Mobilität:Der Tesla als Mitfahrgelegenheit

Mobilität: Highways in Los Angeles: Nicht selten sind die Straßen in Kalifornien verstopft und überfüllt. Ein wirklich funktionierendes Bahnsystem gibt es nicht.

Highways in Los Angeles: Nicht selten sind die Straßen in Kalifornien verstopft und überfüllt. Ein wirklich funktionierendes Bahnsystem gibt es nicht.

(Foto: mauritius images)

Ein Teenager organisiert mit einem Start-up in Kalifornien Fahrgemeinschaften zwischen großen Städten. Eine pragmatische Idee mit Zukunft.

Von Jürgen Schmieder, Los Angeles

Was muss das für ein verwöhnter Bengel sein, der von seinen Eltern zum Führerschein ein Model X von Tesla fordert? Die Grundversion des Elektrofahrzeugs kostet mehr als 79 000 Dollar, wer einen stärkeren Motor und ein bisschen Luxus haben möchte, bezahlt sogar mehr als 140 000 Dollar. Haydn Sonnad wollte zu seinem 16. Geburtstag vor zwei Jahren unbedingt so ein Gefährt haben, doch seine Eltern teilten ihm mit, dass er sich das gefälligst selbst verdienen müsse. "Ich habe dann einen Deal gesehen, bei dem ich das Fahrzeug drei Monate lang leasen konnte", sagt Sonnad: "Ich dachte mir, dass ich für Miete und Versicherung dadurch aufkommen könnte, indem ich Leute den Sommer über von Los Angeles nach Las Vegas chauffiere."
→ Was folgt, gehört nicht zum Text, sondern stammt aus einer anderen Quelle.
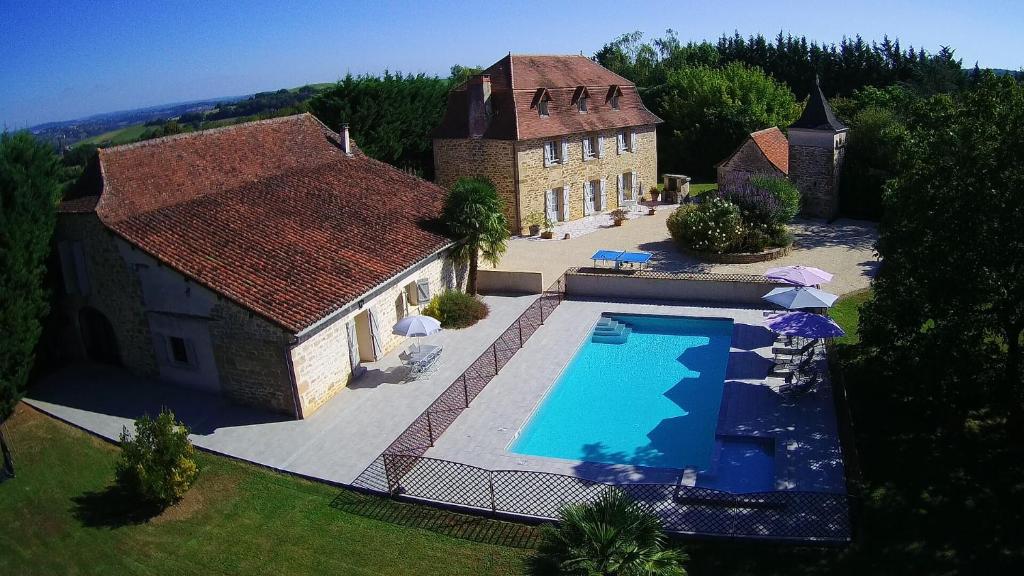 an aerial view of a house with a swimming pool at Domaine de l'Asenon in Causse et Diege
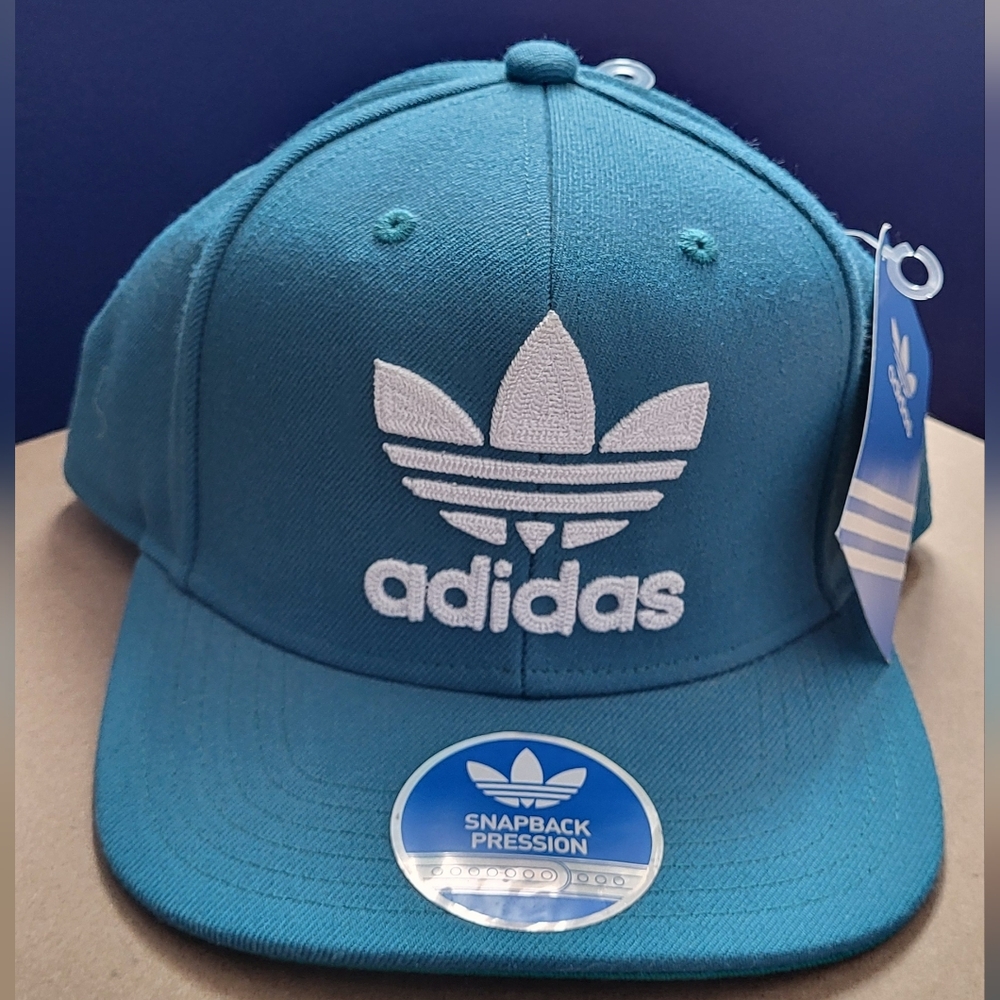 Adidas Adult Blue Snapback Cap NWT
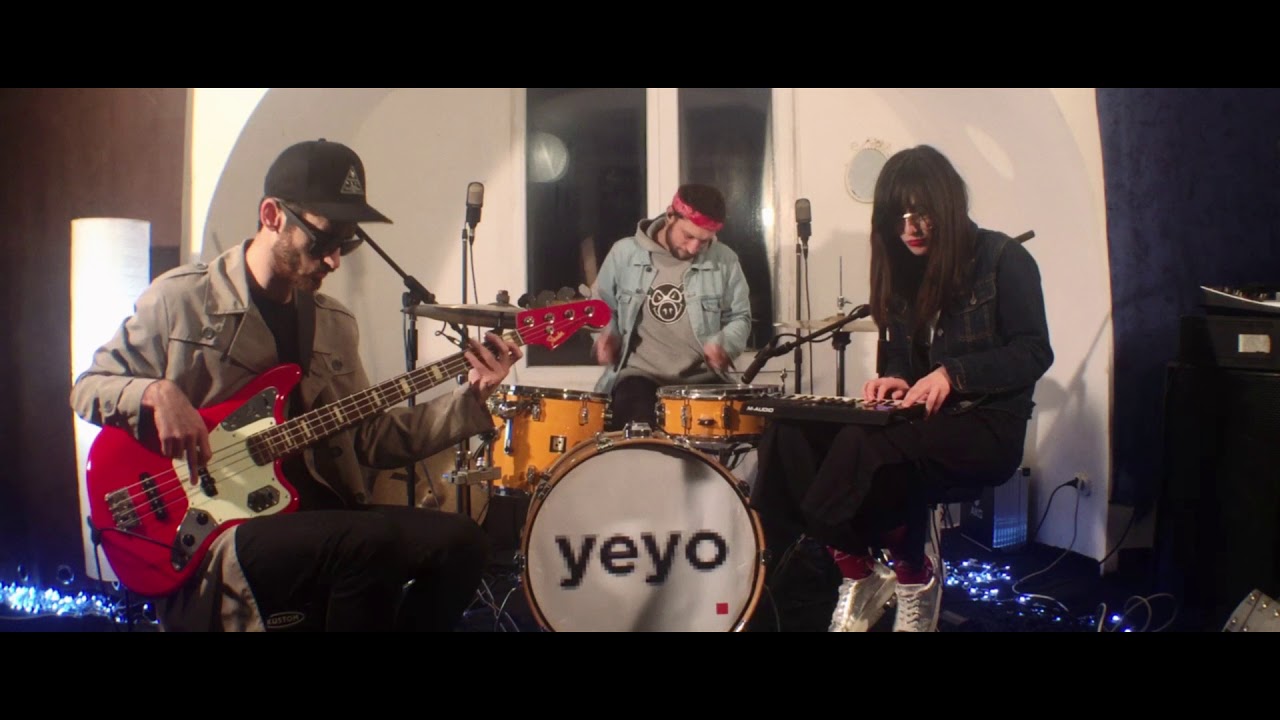 её - Dream Jam (roomlive)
Ein paar Wochen später gründete er aus dieser Idee heraus gemeinsam mit seinem Vater Rahul die Firma Tesloop, die mittlerweile ein Netzwerk in Südkalifornien bedient, im Herbst vergangenen Jahres zu den Finalisten des Gründerwettbewerbs "Global Change the World" gehörte und kürzlich bei der ersten Finanzierungsrunde einen siebenstelligen Betrag einsammelte. Das Unternehmen ist deshalb so interessant, weil es zwei aktuelle Probleme des Personentransports thematisiert und beinahe nebenbei eine Lösung für ein künftiges Problem anbietet. Das klingt gar nicht so schlecht für einen jungen Mann, der in ein paar Wochen seinen 19. Geburtstag feiern wird und derzeit auf einen Studienplatz an einer Elite-Universität hofft.

"Wir können die Fahrzeuge mit Kosten von weniger als zehn Cent pro Meile betreiben."
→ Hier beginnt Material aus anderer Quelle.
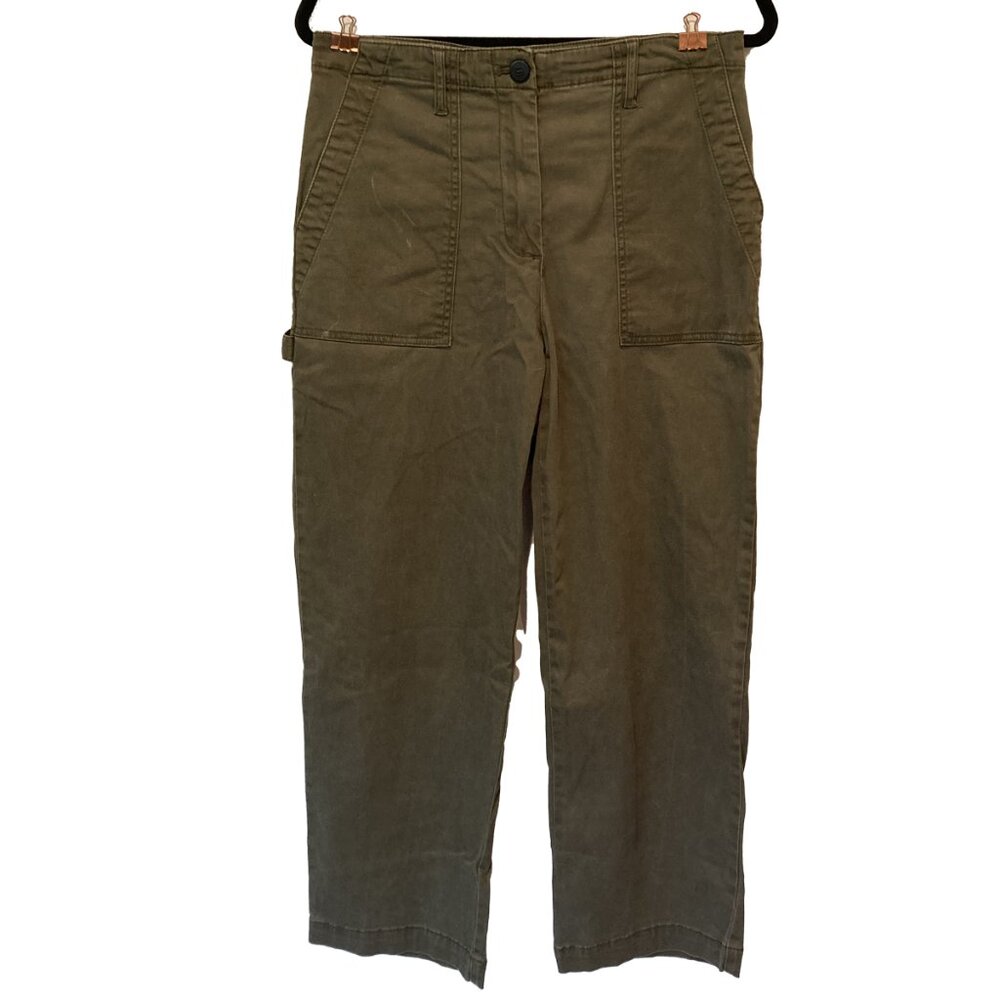 Army green khaki cargo pants size M.
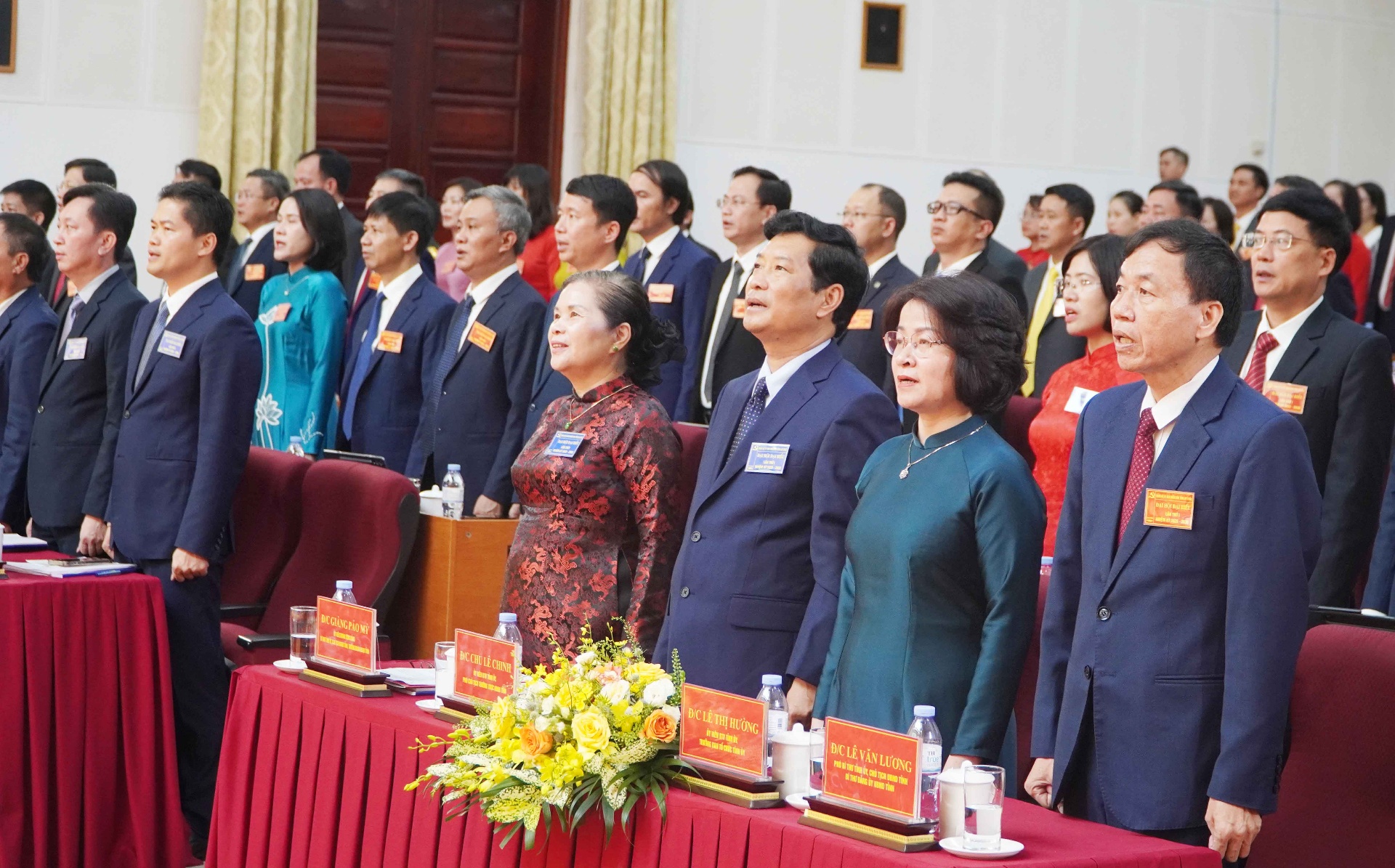 Các đại biểu thực hiện nghi lễ chào cờ tại Đại hội.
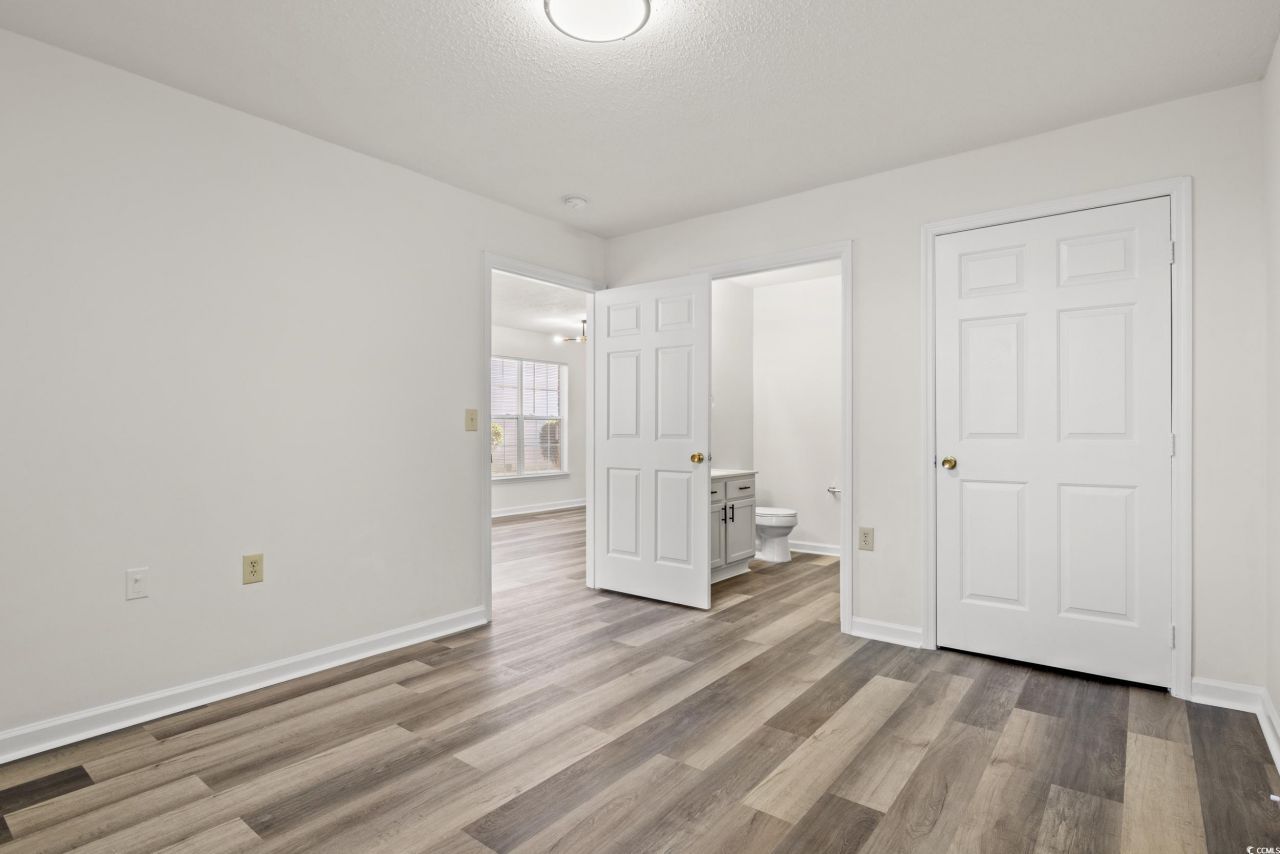 4251 Villas Dr. Photo 11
Tesloop ist, vereinfacht ausgedrückt, eine Mischung aus Ride-Sharing-Angebot und Busunternehmen. Wer zum Beispiel von Los Angeles zum Tennisturnier ins 220 Kilometer entfernte Indian Wells möchte, der sucht auf der Webseite oder in der App nach freien Plätzen auf einer Fahrt. Im konkreten Fall ist der Treffpunkt zwei Kilometer von der eigenen Wohnung, die günstigste Haltestelle am Zielort 500 Meter von der Tennisanlage entfernt. Die einfache Fahrt dauert knapp zweieinhalb Stunden und kostet 69 Dollar. Von daheim aus - man muss ja mit Taxi oder Fahrgemeinschaft zum Abfahrtort gelangen und nach der Ankunft zur Anlage laufen - sind es dreieinhalb Stunden und 81 Dollar.
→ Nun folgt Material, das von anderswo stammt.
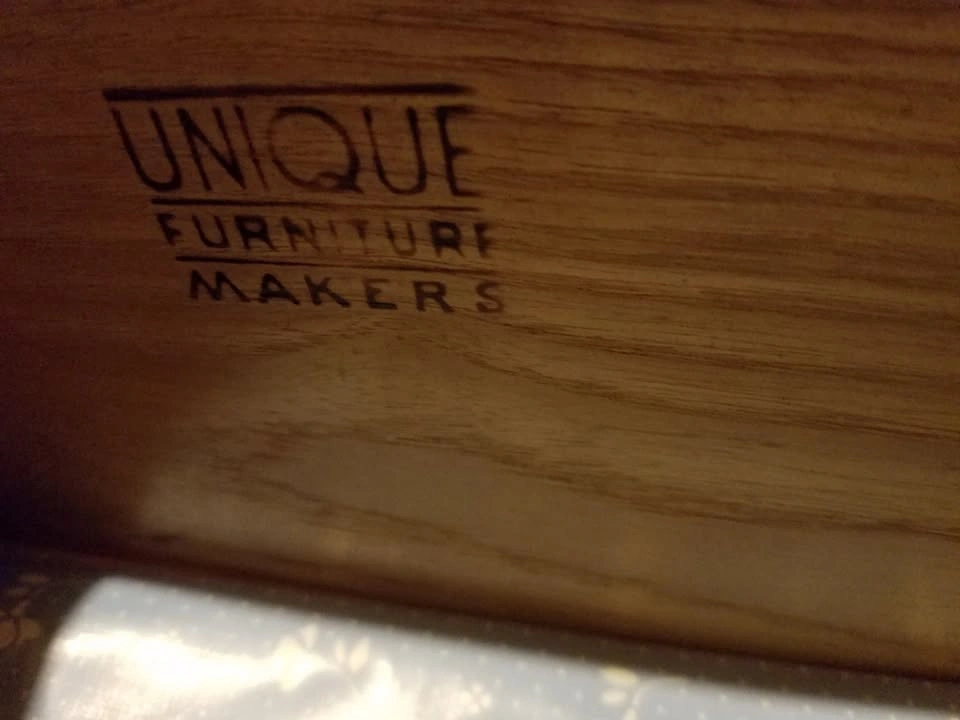 Dresser with brass handles - photo 2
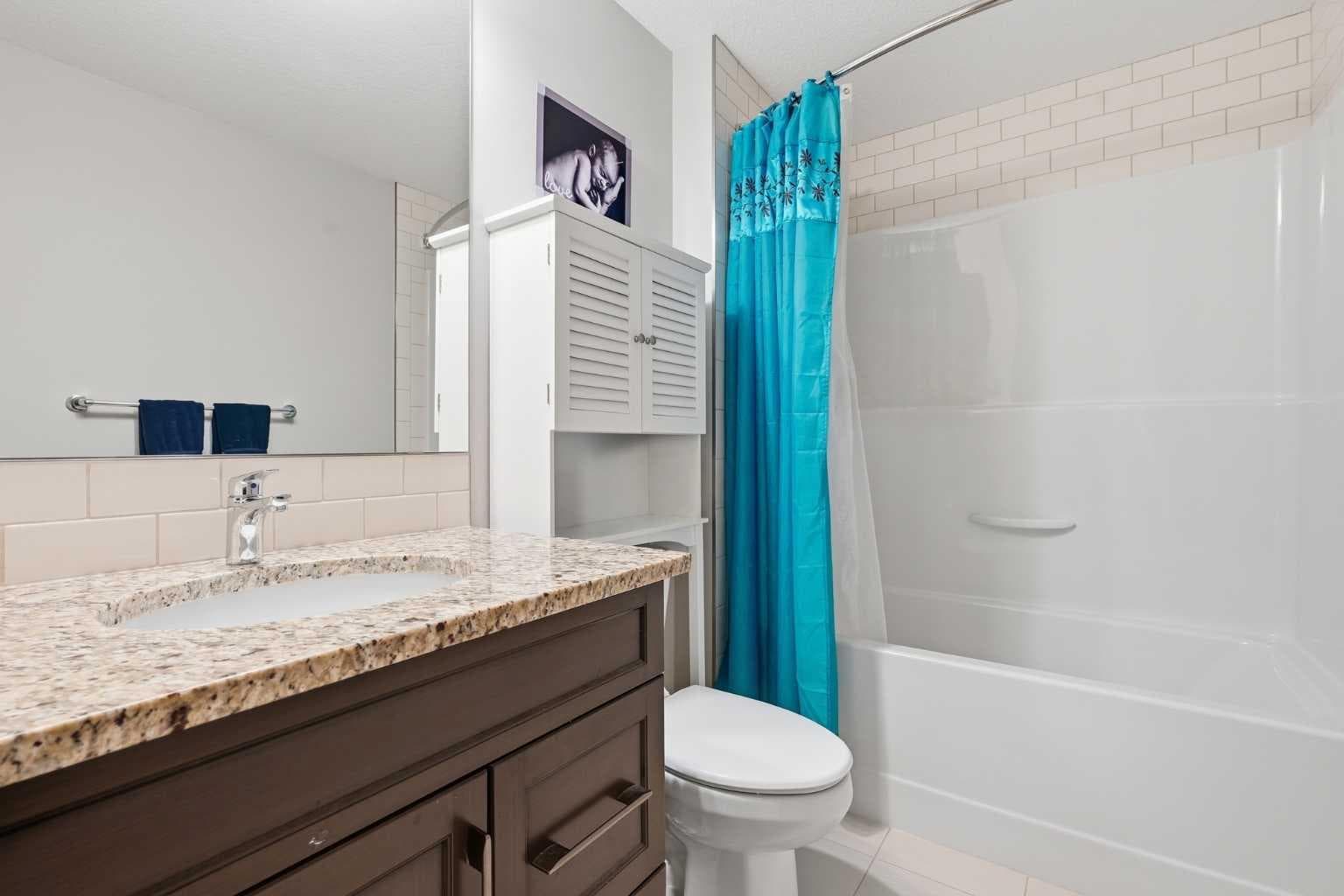 237 Mahogany Parade SE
Ein kurzer Vergleich im Internet ergibt: Eine Flugreise würde alles in allem viereinhalb Stunden dauern und 274 Dollar kosten. Wer selbst mit dem Auto fährt, der braucht knapp drei Stunden und muss laut Kostenrechner der Vereinigung American Automobile Association inklusive Verschleiß und Parkgebühren rund 76 Dollar bezahlen.

Das Unternehmen profitiert in Kalifornien vom überaus engen Ladenetz. "Wir können die Fahrzeuge mit Kosten von weniger als zehn Cent pro Meile betreiben", sagt Sonnad. Die Fahrt von Los Angeles nach Indian Wells kostet Tesloop aufgrund einiger Vergünstigungen von Tesla erst einmal 22 Dollar. Wenn alle vier Sitze belegt sind, nimmt das Unternehmen 276 Dollar ein. Mittlerweile gibt es mehr als 12 000 Kunden, die den Service mehr als drei Mal genutzt haben.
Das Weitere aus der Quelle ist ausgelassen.